Link to Lakehouse (replace these strings)
- Tables: `abfss://Fabric_2024@onelake.dfs.fabric.microsoft.com/LK_flights.Lakehouse/Tables`
- Files: `abfss://Fabric_2024@onelake.dfs.fabric.microsoft.com/LK_flights.Lakehouse/Files`

You will also need:
- PySpark notebook and connect it to the Fabric standard session

Data:
- Have delta tables created with flights data

In this module, you will analyze flight data, perform simple Exploratory Data Analysis (EDA), and build a machine learning model to predict whether an upcoming flight will be delayed. You will store and retrieve data from a Lakehouse, build a prediction model using PySpark, and run experiments to evaluate the model's performance.

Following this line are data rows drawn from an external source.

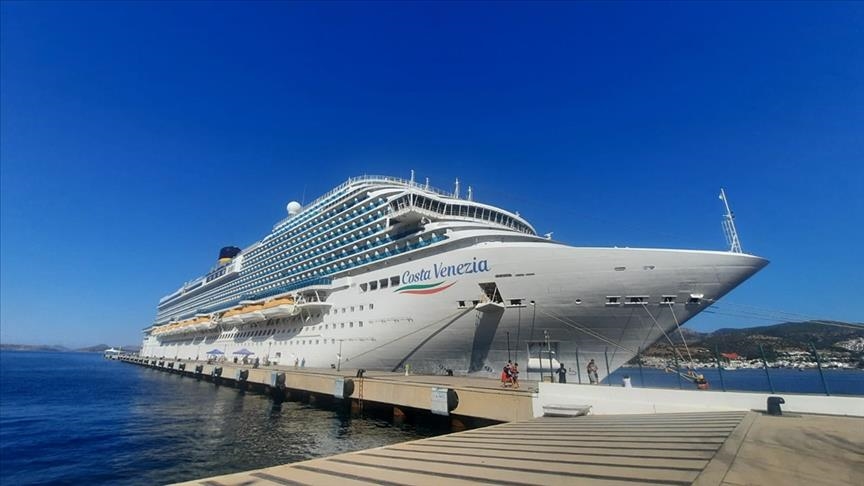 В турецкий Бодрум прибыл круизный лайнер Costa Venezia 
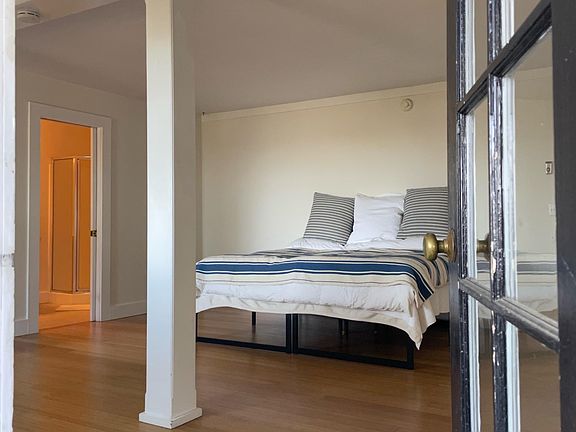 3rd image of 137B Santa Rosa Ave #B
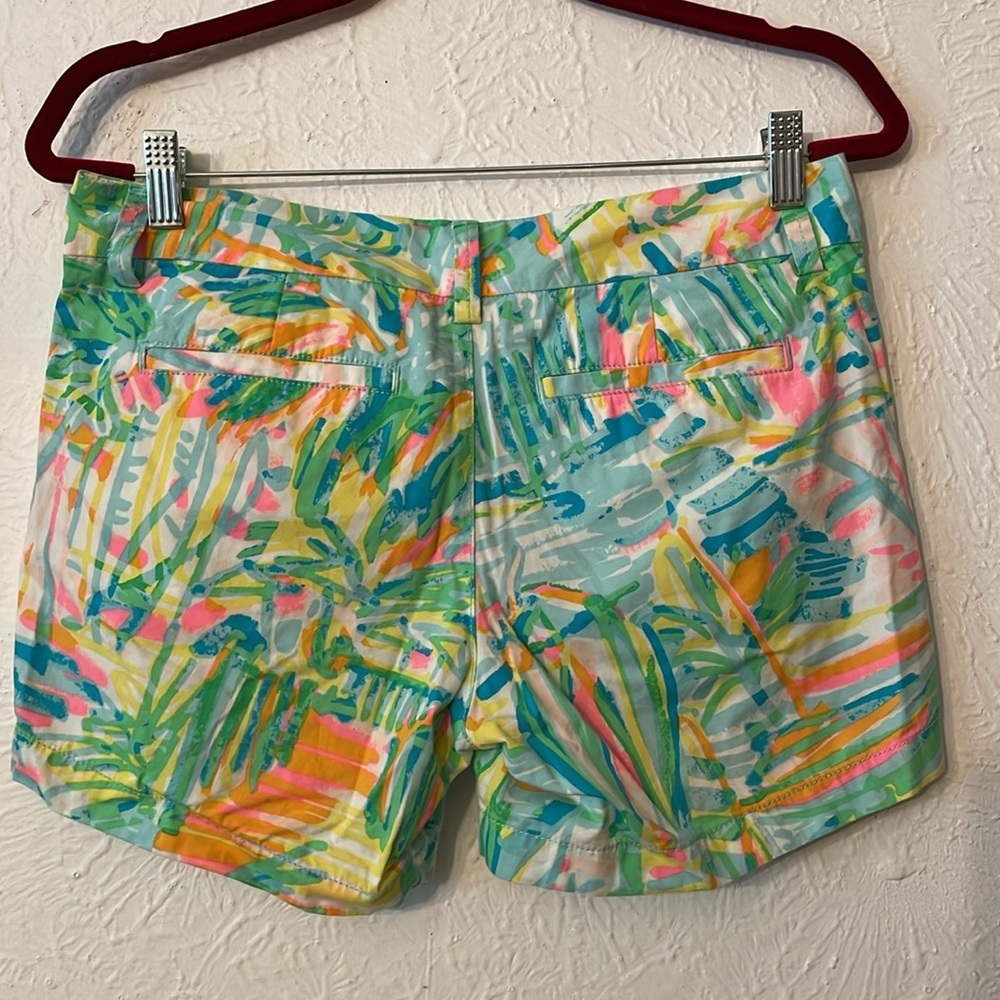 Lilly Pulitzer Multicolor Abstract Print The Callahan Short 5” Inseam Size 2 - Picture 4 of 7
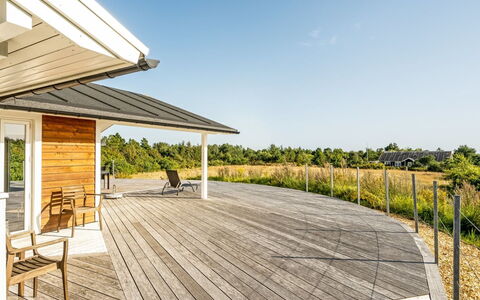 Eljas - 200M to the Fjord: Mueble, Diseño De Interiores, Piso, Madera, Suelo, Techo, Suelos De Madera, Silla, Mesa, Encendiendo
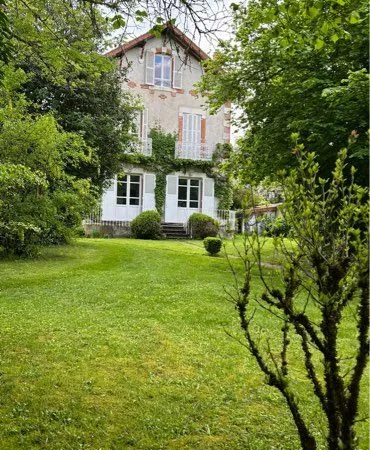 Propriété de charme avec dépendance et potentiel locatif au coeur de saint-gervais-d'Auvergne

We'll go through these steps:

1) Perform Simple EDA using PySpark notebooks.
2) Explore and understand the flight data stored in the Lakehouse.
3) Prepare and build a machine learning model that predicts flight delays.
3) Train the model and run experiments.
4) Switch between PySpark, SQL, and R to show how different languages can be used in the notebook.

## Step 1: Load Flight Data from the Lakehouse

In [None]:
df_csv = spark.read.format("csv").option("header","true").load("Files/flights.csv")

#####
# or
#####
from pyspark.sql import SparkSession

spark = SparkSession.builder.appName("CSVtoDelta").getOrCreate()

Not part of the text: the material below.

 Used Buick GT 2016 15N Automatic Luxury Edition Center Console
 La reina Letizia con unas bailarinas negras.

csv_file_path = "Files/flights.csv"


df_csv = spark.read.format("csv") \
    .option("header", "true") \  
    .option("inferSchema", "true") \  
    .load(csv_file_path)


df_csv.show(5)


And add it to the delta table

In [None]:
# Step 1: Define the path in the Lakehouse where the Delta table will be saved
delta_table_path = "Tables/flights_table"

# Step 7: Save the DataFrame as a Delta table in the Lakehouse
df_csv.write.format("delta").mode("overwrite").save(delta_table_path)

In [None]:
# Step 1: Initialize Spark session
from pyspark.sql import SparkSession

spark = SparkSession.builder.appName("FlightDelayEDA").getOrCreate()

# Step 2: Define the Lakehouse path to the Delta Table
lakehouse_table_path = "abfss://Fabric_2024@onelake.dfs.fabric.microsoft.com/LK_flights.Lakehouse/Tables/nyctaxi_prep"

# Step 3: Read the flight data from Delta Table in Lakehouse
df_flight = spark.read.format("delta").load(lakehouse_table_path)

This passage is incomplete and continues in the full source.